Dr. David Hamer, a Boston Medical Center physician and professor of global health and medicine at Boston University, said he is mindful of cost, which makes it understandable to prioritize places with high infection rates. But, anticipating future spikes requires broad-based testing in high-risk areas for a second surge, he said.

"We're really afraid that there's going to be a resurgence of it, and we need to be ready with sufficient testing and access to testing, especially in places with less ease of access to health care," Hamer said. " If there's not testing in place, when it comes, they're not going to be ready.

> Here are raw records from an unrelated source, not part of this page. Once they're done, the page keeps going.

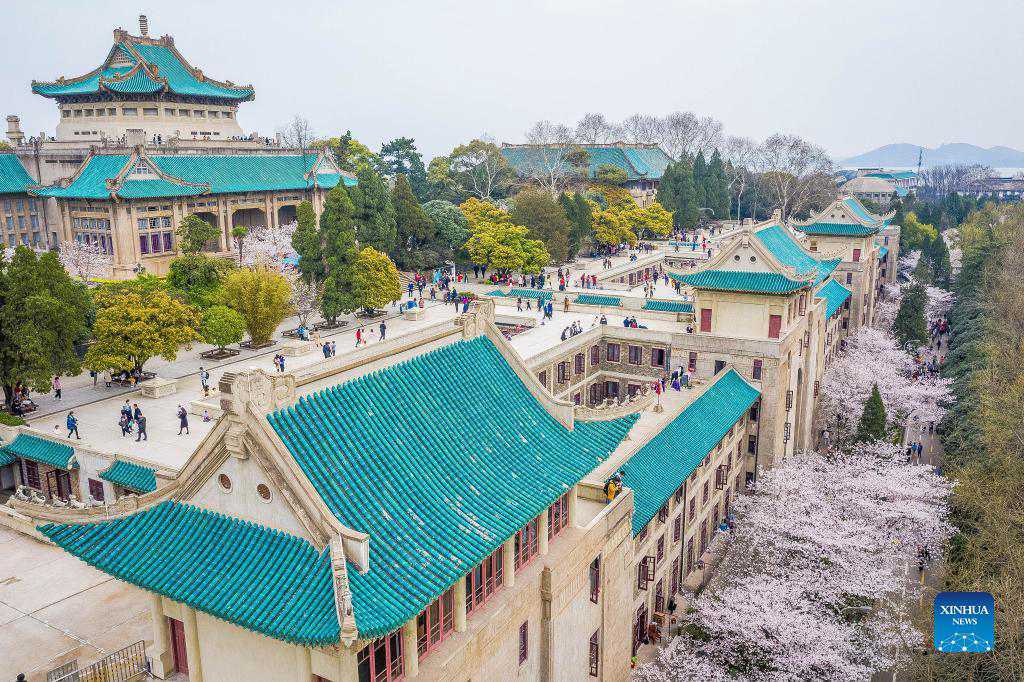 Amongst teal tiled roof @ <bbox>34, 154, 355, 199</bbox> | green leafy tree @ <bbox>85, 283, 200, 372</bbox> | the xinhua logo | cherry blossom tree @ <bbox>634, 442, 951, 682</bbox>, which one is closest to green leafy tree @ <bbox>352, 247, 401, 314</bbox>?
green leafy tree @ <bbox>85, 283, 200, 372</bbox>

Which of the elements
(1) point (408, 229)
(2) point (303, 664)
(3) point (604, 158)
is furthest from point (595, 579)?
(3) point (604, 158)

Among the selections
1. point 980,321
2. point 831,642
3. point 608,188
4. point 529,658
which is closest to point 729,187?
point 608,188

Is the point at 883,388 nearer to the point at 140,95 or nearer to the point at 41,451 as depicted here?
the point at 41,451

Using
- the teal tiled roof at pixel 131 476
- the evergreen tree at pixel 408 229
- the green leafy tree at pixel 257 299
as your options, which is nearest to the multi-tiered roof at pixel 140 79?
the evergreen tree at pixel 408 229

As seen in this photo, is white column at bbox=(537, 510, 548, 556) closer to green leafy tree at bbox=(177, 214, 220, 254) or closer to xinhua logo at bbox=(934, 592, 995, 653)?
xinhua logo at bbox=(934, 592, 995, 653)

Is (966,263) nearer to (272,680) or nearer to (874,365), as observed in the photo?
(874,365)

"The most vulnerable are people in nursing homes," he said. "You want to catch those early, before there's rapid-fire spread in a nursing home."

Western Massachusetts has high-risk demographics, Lesser said, citing high numbers of older residents in Berkshire County, and high diabetes and asthma rates in places like Springfield. The Holyoke Soldiers' Home and the Leavitt Family Jewish Home have had some of the worst outbreaks in the state, he added, and racial disparities have contributed to a high fatality rate in diverse Hampden County.

"Having a mindset, `Oh, we have a region of the state that we know is lower-income, that we know has higher risk factors, that we know had some of the biggest outbreaks at first, but we're going to wait until there are more cases,' that's unacceptable," Lesser said. "The idea that a low-income person or an elderly person in North Adams or Springfield is supposed to now drive 100 miles to Marlborough to get this done is totally unrealistic and reflects a mindset that the state exists only east of I-495."